• Exercise data
━━━━━━━━━━━━━━━━━━━━
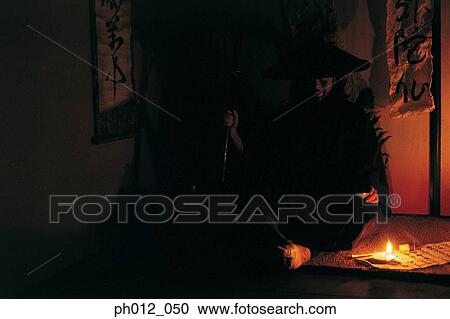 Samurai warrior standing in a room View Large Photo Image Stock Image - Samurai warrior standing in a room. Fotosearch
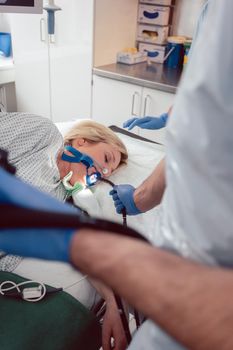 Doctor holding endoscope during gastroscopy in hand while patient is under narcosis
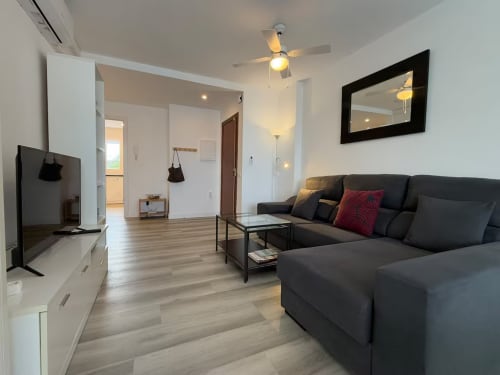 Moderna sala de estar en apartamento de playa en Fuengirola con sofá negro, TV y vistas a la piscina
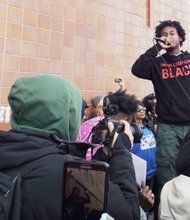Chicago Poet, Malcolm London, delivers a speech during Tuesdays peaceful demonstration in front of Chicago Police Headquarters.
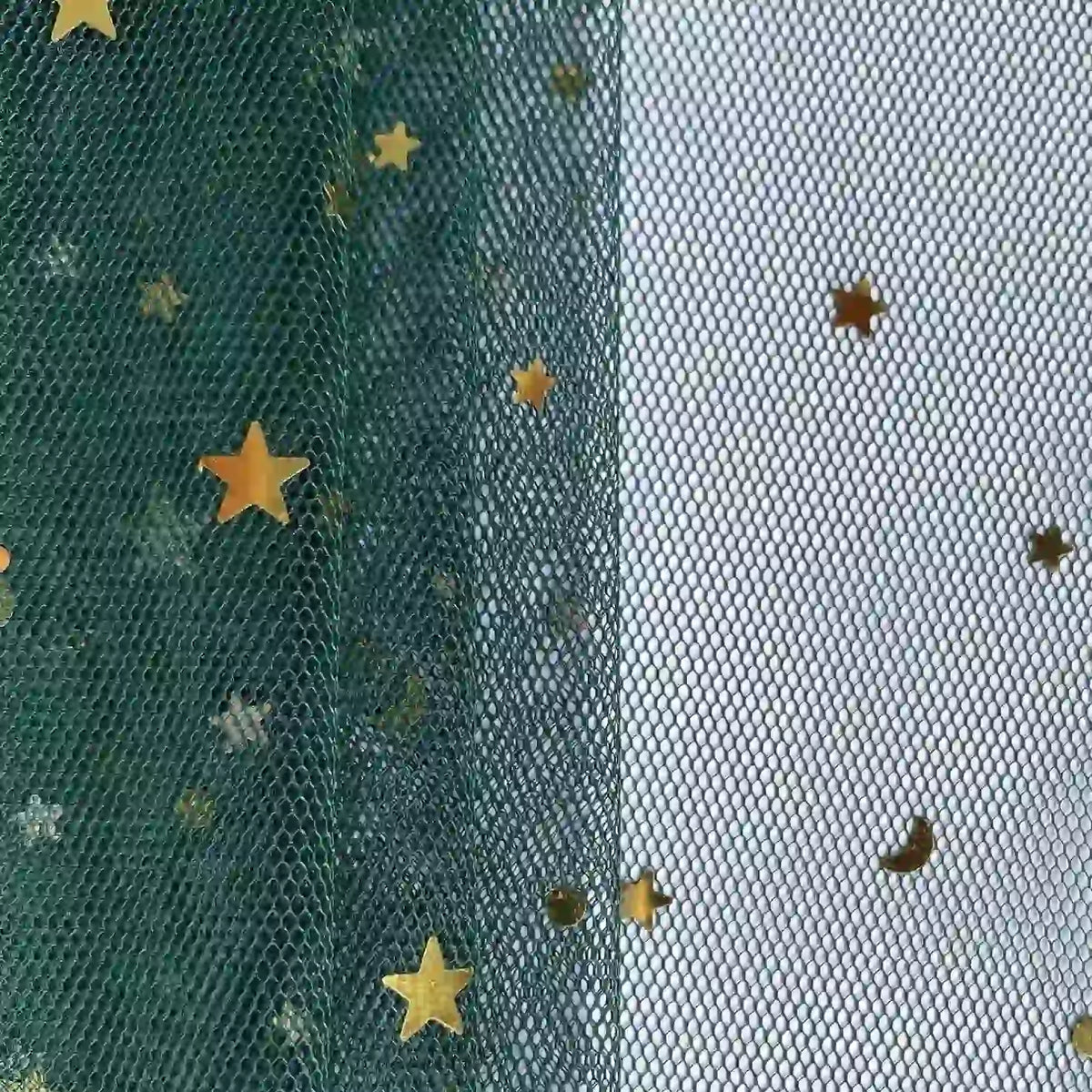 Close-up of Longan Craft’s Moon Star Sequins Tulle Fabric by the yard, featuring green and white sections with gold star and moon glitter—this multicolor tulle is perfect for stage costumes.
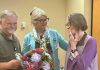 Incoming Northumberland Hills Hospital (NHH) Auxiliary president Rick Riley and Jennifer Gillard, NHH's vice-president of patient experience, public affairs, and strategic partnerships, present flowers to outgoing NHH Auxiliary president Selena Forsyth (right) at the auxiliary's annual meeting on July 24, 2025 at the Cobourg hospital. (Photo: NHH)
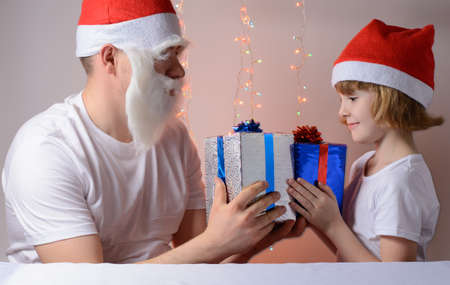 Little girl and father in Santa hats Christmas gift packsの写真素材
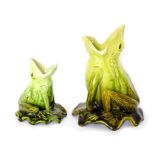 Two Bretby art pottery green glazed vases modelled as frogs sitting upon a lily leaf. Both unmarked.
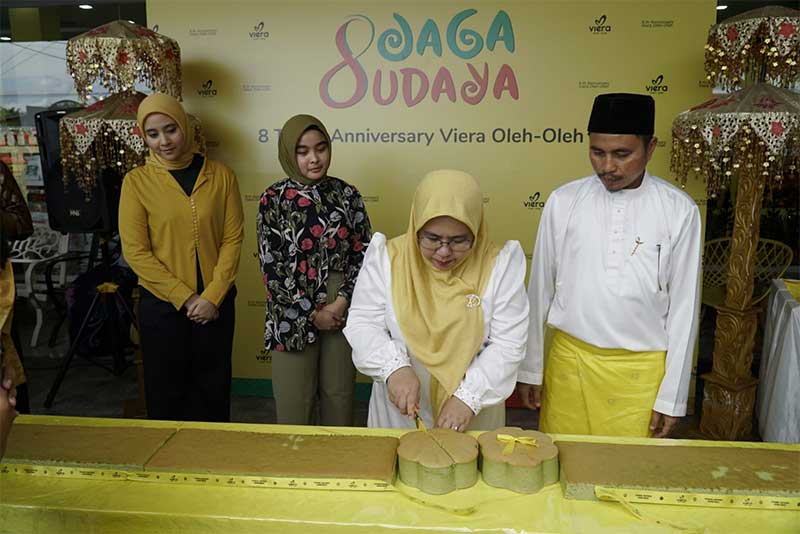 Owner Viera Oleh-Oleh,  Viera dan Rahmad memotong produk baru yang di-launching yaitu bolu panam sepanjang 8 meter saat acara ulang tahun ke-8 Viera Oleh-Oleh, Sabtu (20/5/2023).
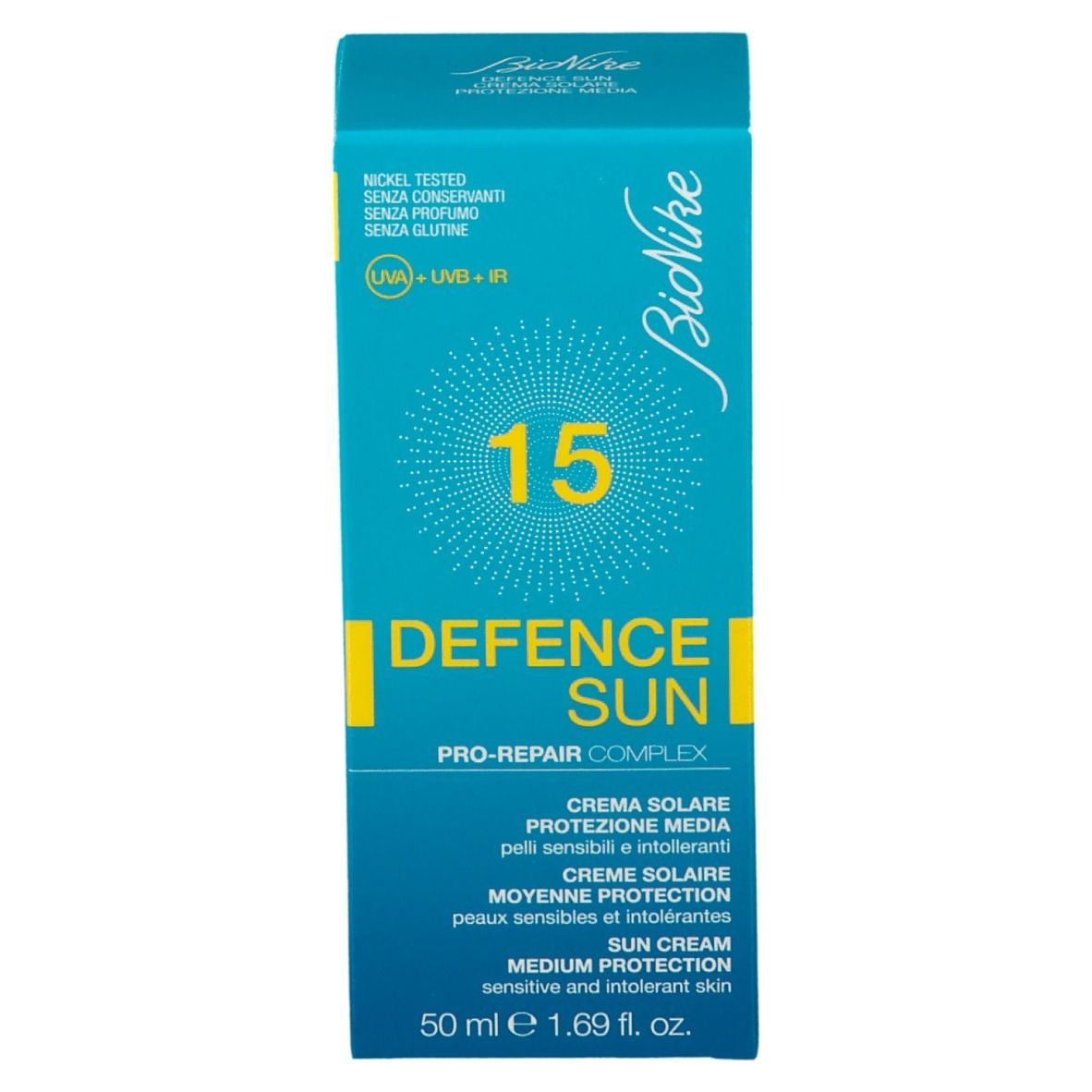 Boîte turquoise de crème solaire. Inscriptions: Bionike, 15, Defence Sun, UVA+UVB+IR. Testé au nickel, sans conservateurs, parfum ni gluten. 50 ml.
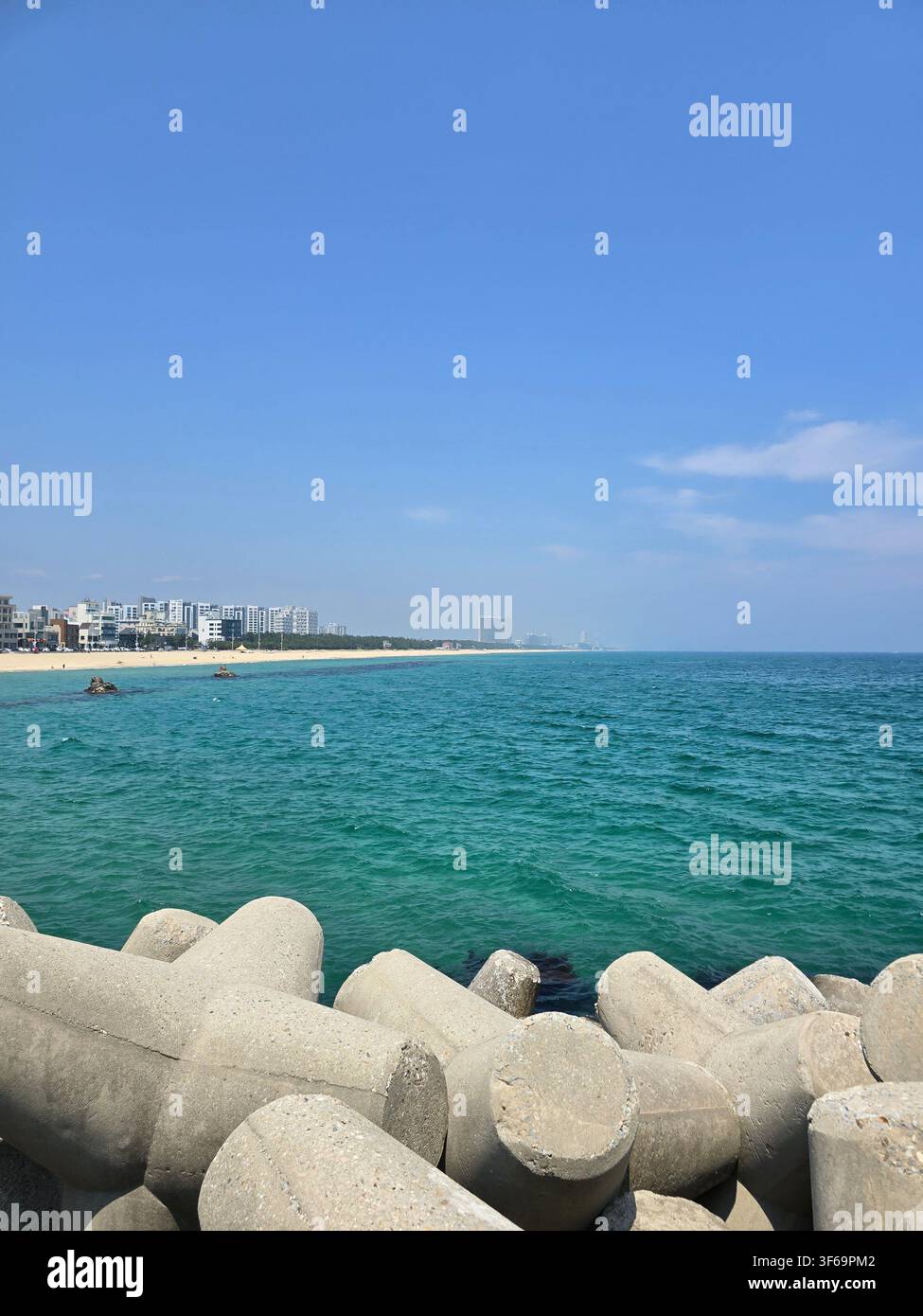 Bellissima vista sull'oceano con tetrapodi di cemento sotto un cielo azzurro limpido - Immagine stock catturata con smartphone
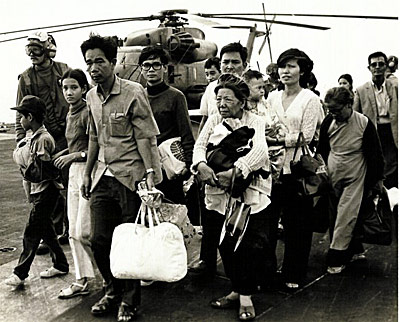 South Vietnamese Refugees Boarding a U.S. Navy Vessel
━━━━━━━━━━━━━━━━━━━━
• Your instructions
Copy the records shown above in their entirety and exactly; images are to be left out.

• Answer for the task
 Samurai warrior standing in a room View Large Photo Image Stock Image - Samurai warrior standing in a room. Fotosearch
 Doctor holding endoscope during gastroscopy in hand while patient is under narcosis
 Moderna sala de estar en apartamento de playa en Fuengirola con sofá negro, TV y vistas a la piscina
Chicago Poet, Malcolm London, delivers a speech during Tuesdays peaceful demonstration in front of Chicago Police Headquarters.
 Close-up of Longan Craft’s Moon Star Sequins Tulle Fabric by the yard, featuring green and white sections with gold star and moon glitter—this multicolor tulle is perfect for stage costumes.
 Incoming Northumberland Hills Hospital (NHH) Auxiliary president Rick Riley and Jennifer Gillard, NHH's vice-president of patient experience, public affairs, and strategic partnerships, present flowers to outgoing NHH Auxiliary president Selena Forsyth (right) at the auxiliary's annual meeting on July 24, 2025 at the Cobourg hospital. (Photo: NHH)
 Little girl and father in Santa hats Christmas gift packsの写真素材
 Two Bretby art pottery green glazed vases modelled as frogs sitting upon a lily leaf. Both unmarked.
 Owner Viera Oleh-Oleh,  Viera dan Rahmad memotong produk baru yang di-launching yaitu bolu panam sepanjang 8 meter saat acara ulang tahun ke-8 Viera Oleh-Oleh, Sabtu (20/5/2023).
 Boîte turquoise de crème solaire. Inscriptions: Bionike, 15, Defence Sun, UVA+UVB+IR. Testé au nickel, sans conservateurs, parfum ni gluten. 50 ml.
 Bellissima vista sull'oceano con tetrapodi di cemento sotto un cielo azzurro limpido - Immagine stock catturata con smartphone
 South Vietnamese Refugees Boarding a U.S. Navy Vessel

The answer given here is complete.